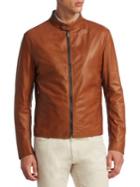 Saks Fifth Avenue Collection Banded Collar Leather Jacket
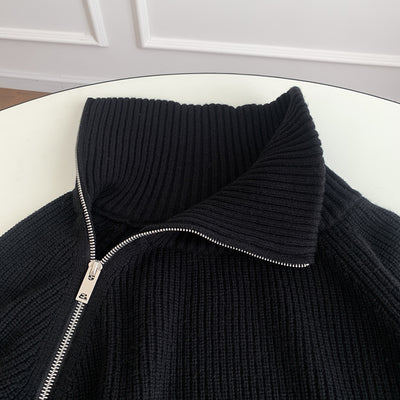 Cardigan Tejido Negro con Cierre Lateral - Suéter Grueso Holgado Camel - Image 7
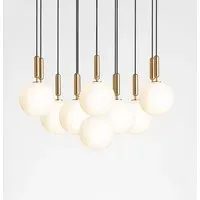 13-Light Cluster Pendant - Brass, Opal Glass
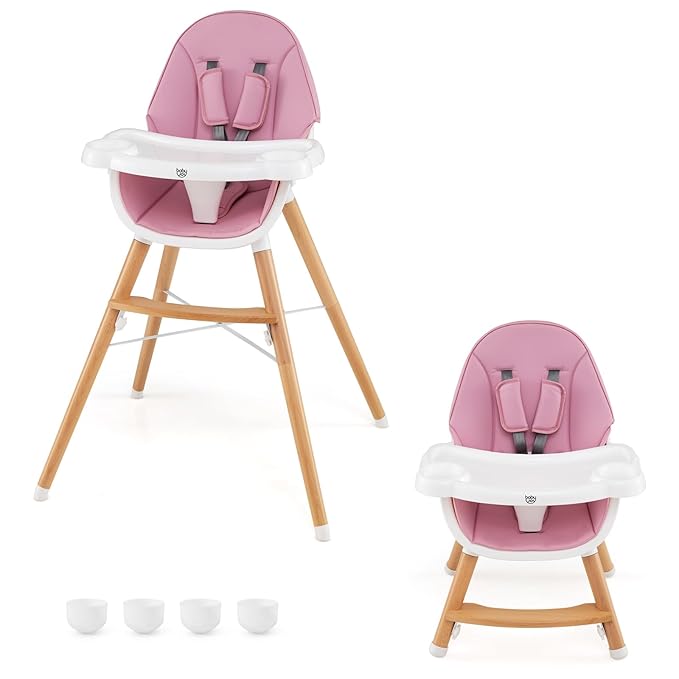 BABY JOY Baby High Chair, Wooden High Chair for Babies & Toddlers with Dishwasher Safe Double Removable Tray, Infant Feeding Chair with 5-Point Safety Harness & Detachable PU Seat Cushion (Pink)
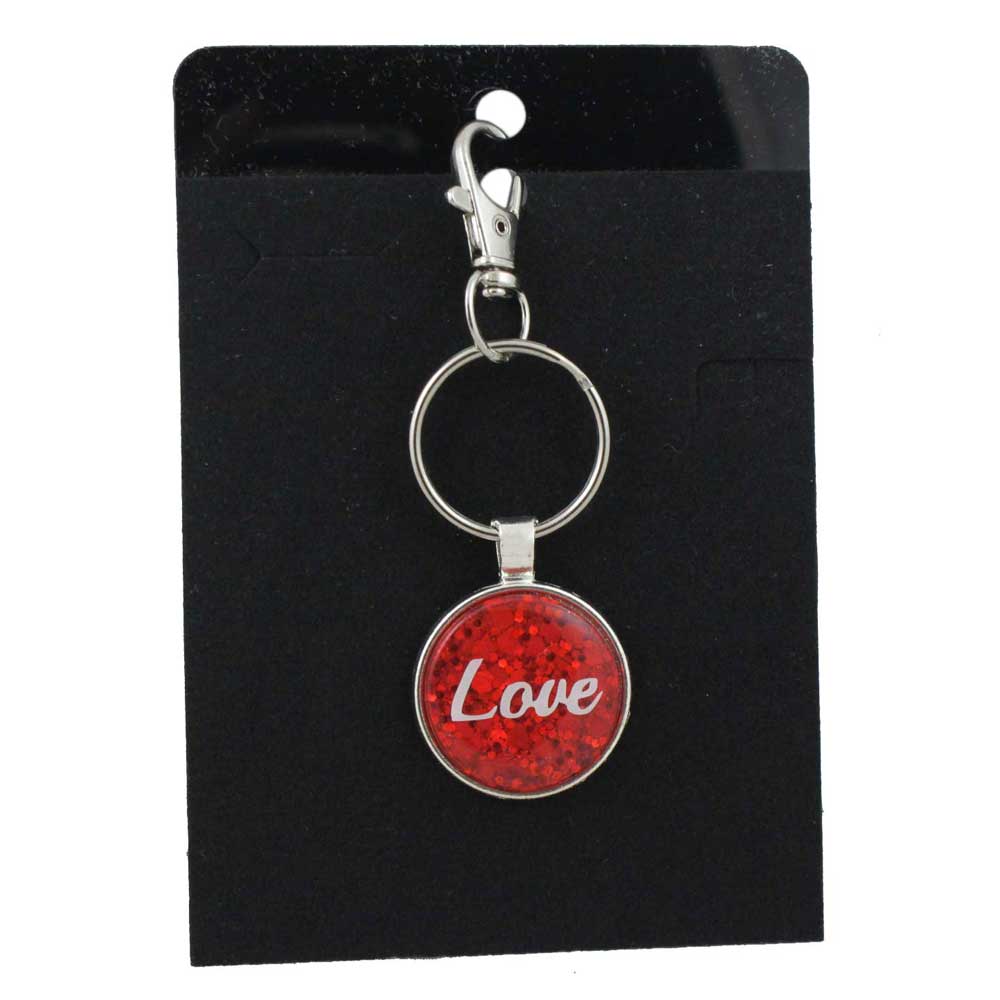 Red glitter keychain with 'Love' text on a black card - Lilylin Designs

....

* **WORK ORDER**
Word for word, give again the lines from the first entry to the line with "BABY JOY Baby", inclusive. Exclude the pictures.

* **REPLY**
 Saks Fifth Avenue Collection Banded Collar Leather Jacket
 Cardigan Tejido Negro con Cierre Lateral - Suéter Grueso Holgado Camel - Image 7
 13-Light Cluster Pendant - Brass, Opal Glass
 BABY JOY Baby High Chair, Wooden High Chair for Babies & Toddlers with Dishwasher Safe Double Removable Tray, Infant Feeding Chair with 5-Point Safety Harness & Detachable PU Seat Cushion (Pink)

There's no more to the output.